All biologics reduce exacerbations by ~50% in appropriately selected patients
None are curative — exacerbations return if discontinued; consider a trial off biologic only after ≥ 12 months of complete control + OCS elimination
Cost is substantial — coverage request documentation should include: confirmed severe asthma, biomarkers, adherence confirmation, failed step 4–5 therapy, exacerbation history
Concurrent biologics are not reimbursed under Canadian public plans; some provinces restrict coverage for active smokers (CADTH 2024)
Pregnancy: limited data for all agents; omalizumab has the longest safety track record.

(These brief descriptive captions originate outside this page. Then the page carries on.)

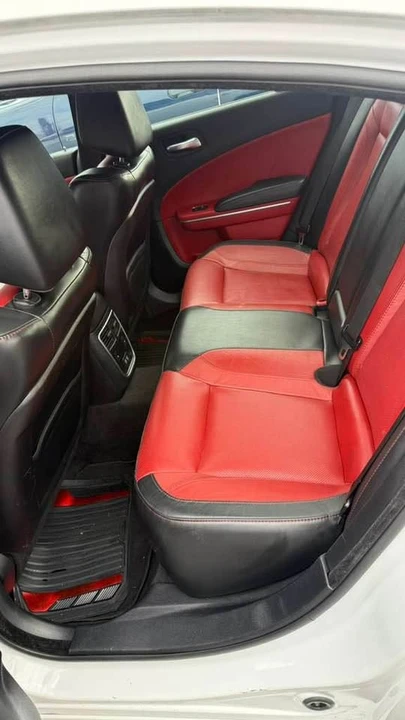 2015 Dodge Challenger 3rd Gen - Image 6 of 8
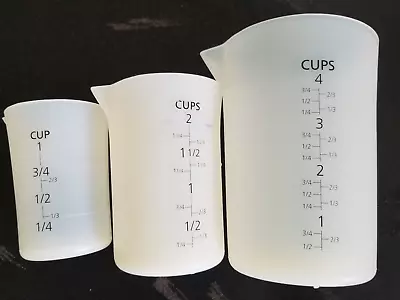 Silicone Flexible Set Of 3 Measuring Cups  Includes 12 & 4 Cups By Crofton • $14.99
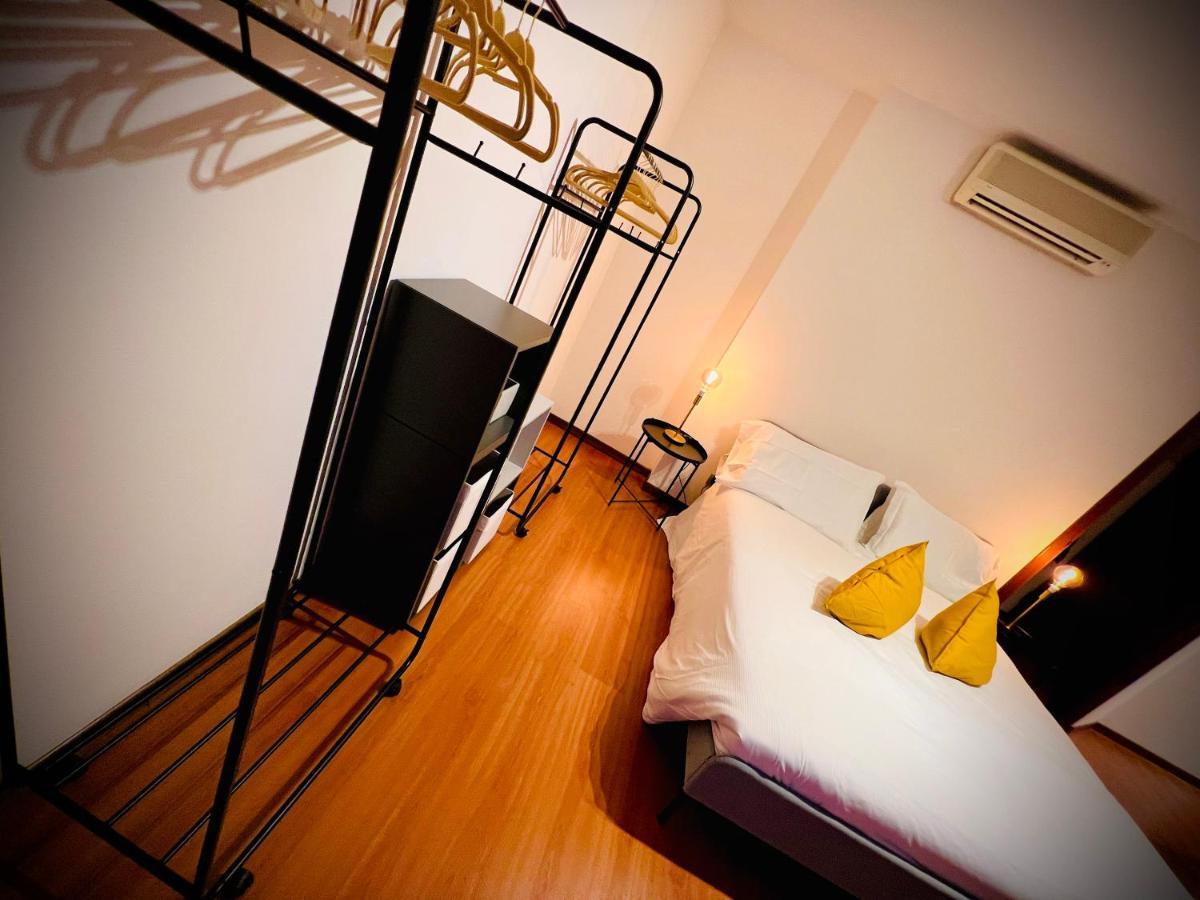 Crops City Stay Apartment 14 Триест Экстерьер фото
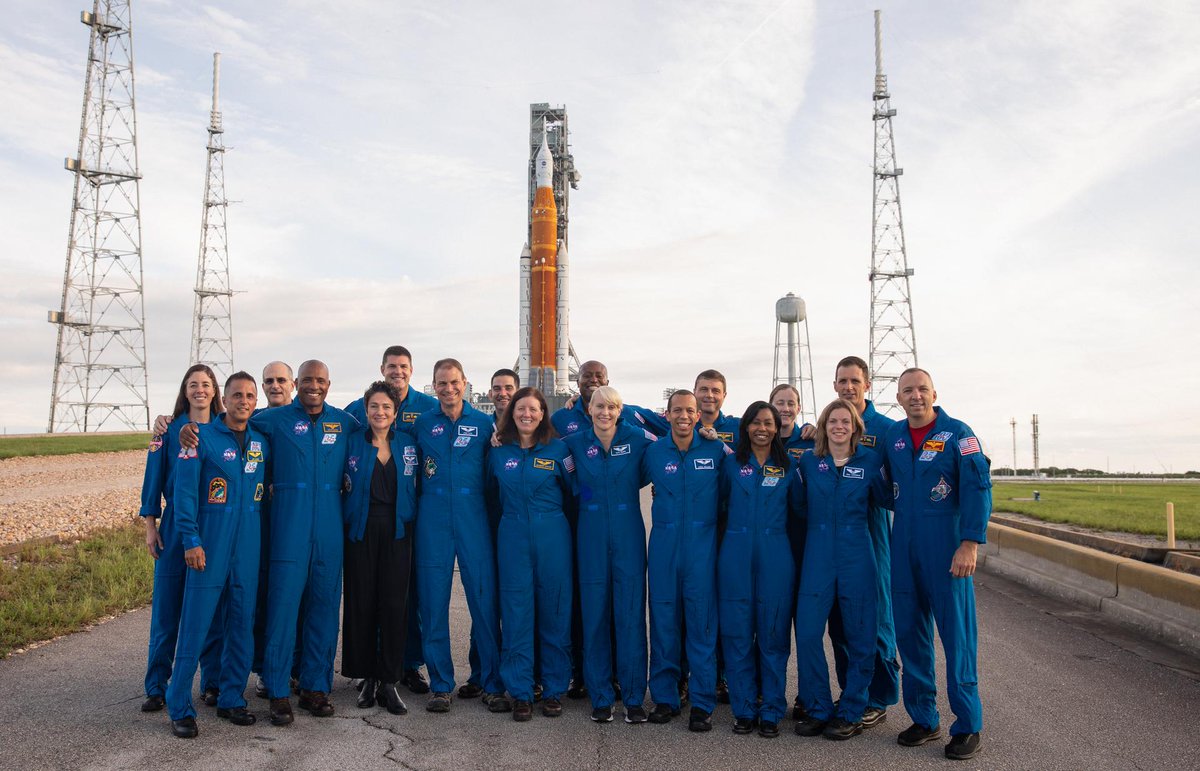 NASA_Johnson's tweet image. This #NationalAstronautDay, we honor those who have braved the unknown for the sake of humankind.
64 years ago, Alan Shepard became the first American in space. Since then, there have been 23 astronaut classes and we are looking forward to welcoming the 24th this year! Today, we…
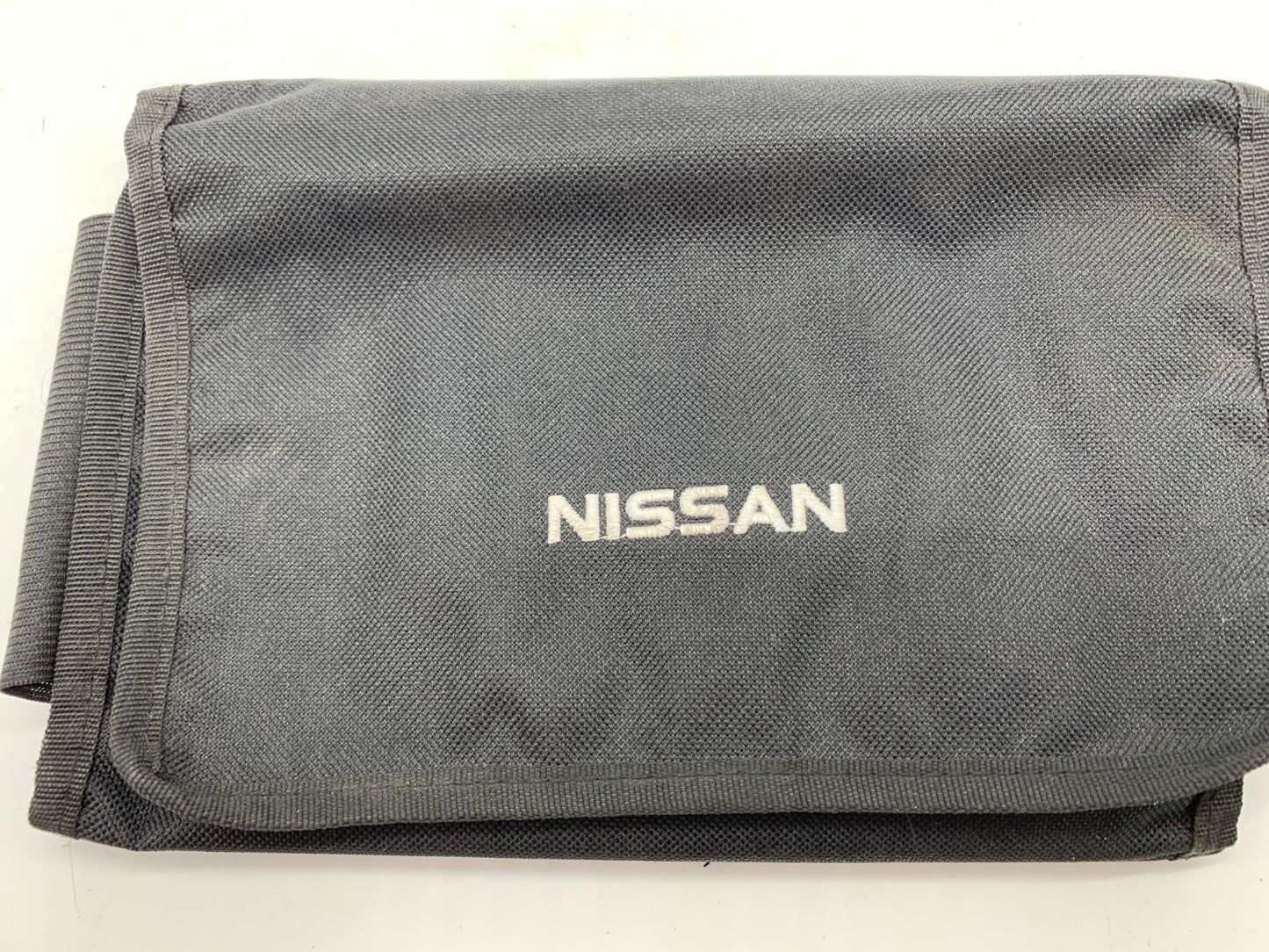 2015 Nissan Sentra Owners Manual Set with Case OEM C02B13064
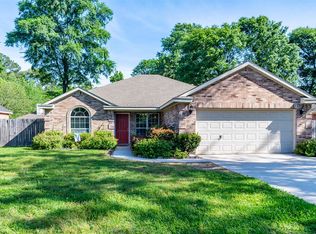 2922 Lake Breeze Ln, Crosby, TX 77532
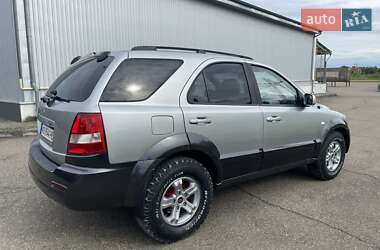 Позашляховик / Кросовер Kia Sorento 2005 в 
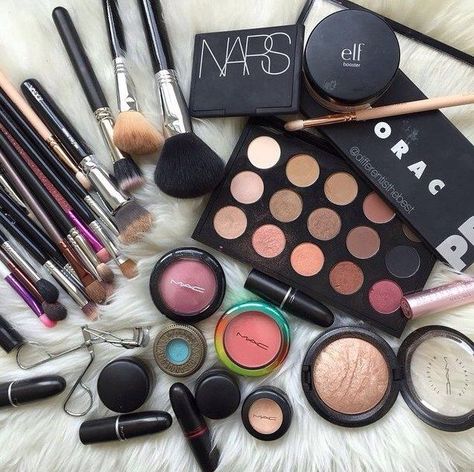 Everything You Need for a Complete, Affordable Makeup Kit Complete Makeup, Stunning Makeup, Makeup For Teens, Affordable Makeup, Makeup Game, Makeup For Beginners, Moisturizing Body Wash, Makeup Goals, Beauty Editorial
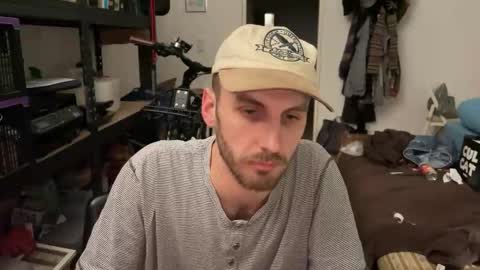 Leon online show from November 27, 2025, 3:36 pm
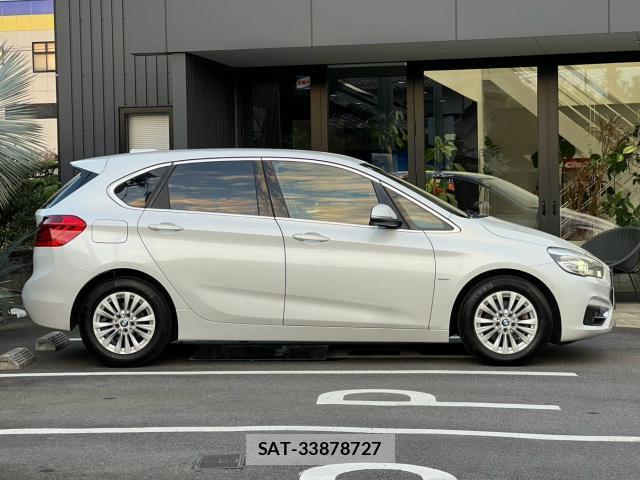 Bmw 2 SERIES 2018-03 8873930-6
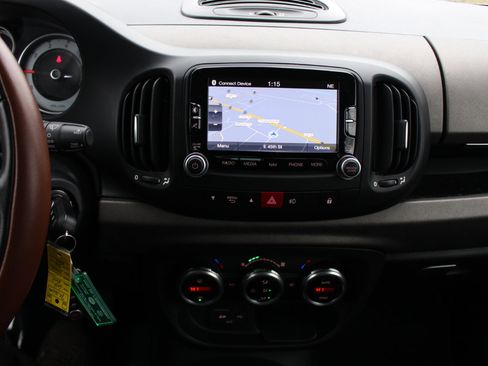 Used 2014 FIAT 500L Trekking w/ Popular Equipment Group image 29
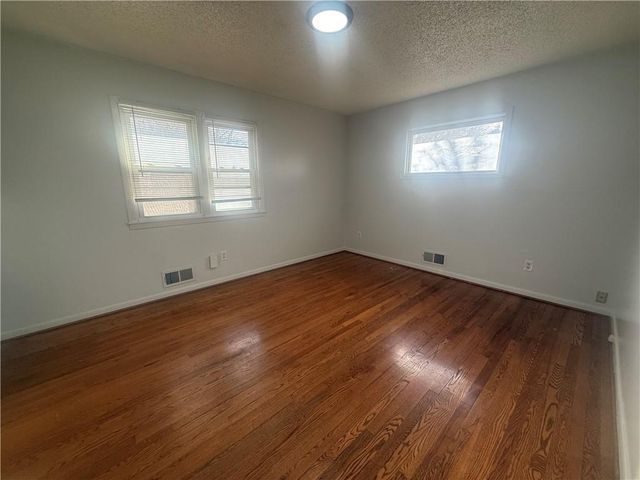 11123 Grand Avenue, Kansas City, MO 64114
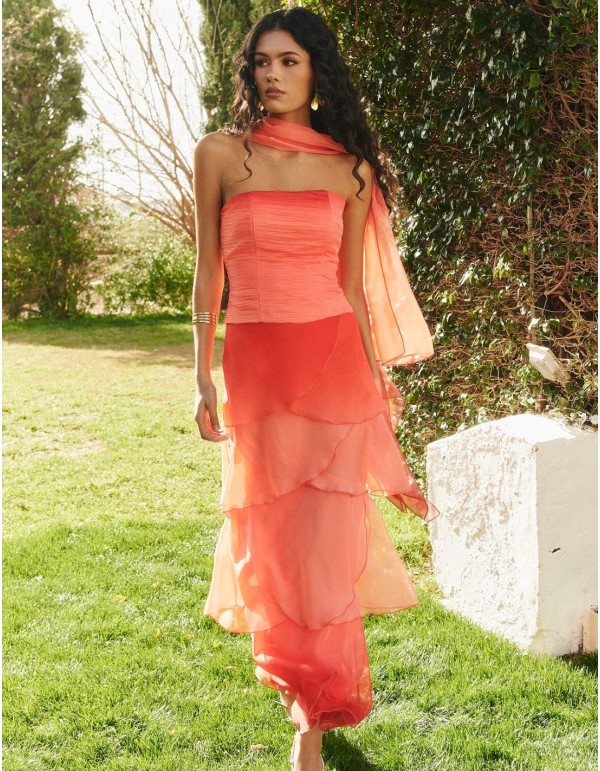 Cape en mousseline de soie vaporeuse à effet dégradé corail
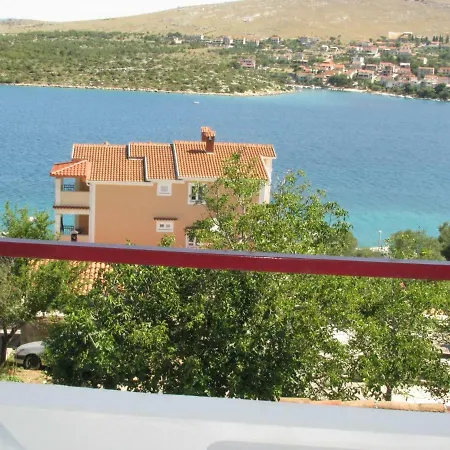 Sparada Mladen Lägenhet Grebaštica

Continue biologic if asthma is well-controlled and risk of exacerbation outweighs theoretical risk

Canadian reimbursement criteria (CDEC)

Specific thresholds used by most public drug plans — varies slightly by province (CADTH 2024):

Agent	Biomarker threshold for coverage	Additional requirements
Omalizumab	Total IgE 30–1500 IU/mL + confirmed allergen sensitisation	Weight-based dosing table
Mepolizumab	Blood eos ≥ 0.3 (or ≥ 0.15 at initiation if ≥ 0.3 in past 12 months)	≥ 2 exacerbations in past year
Benralizumab	Blood eos ≥ 0.3 AND ≥ 2 exacerbations in past year, OR eos ≥ 0.15 if on chronic OCS	—
Dupilumab	Blood eos ≥ 0.15 or FeNO ≥ 25 ppb	≥ 2 exacerbations in past year
Tezepelumab	No specific biomarker threshold	≥ 2 exacerbations in past year

reimbursement vs clinical eligibility

CDEC biomarker thresholds for reimbursement may differ from clinical trial eligibility criteria. Check your provincial formulary for the most current coverage criteria.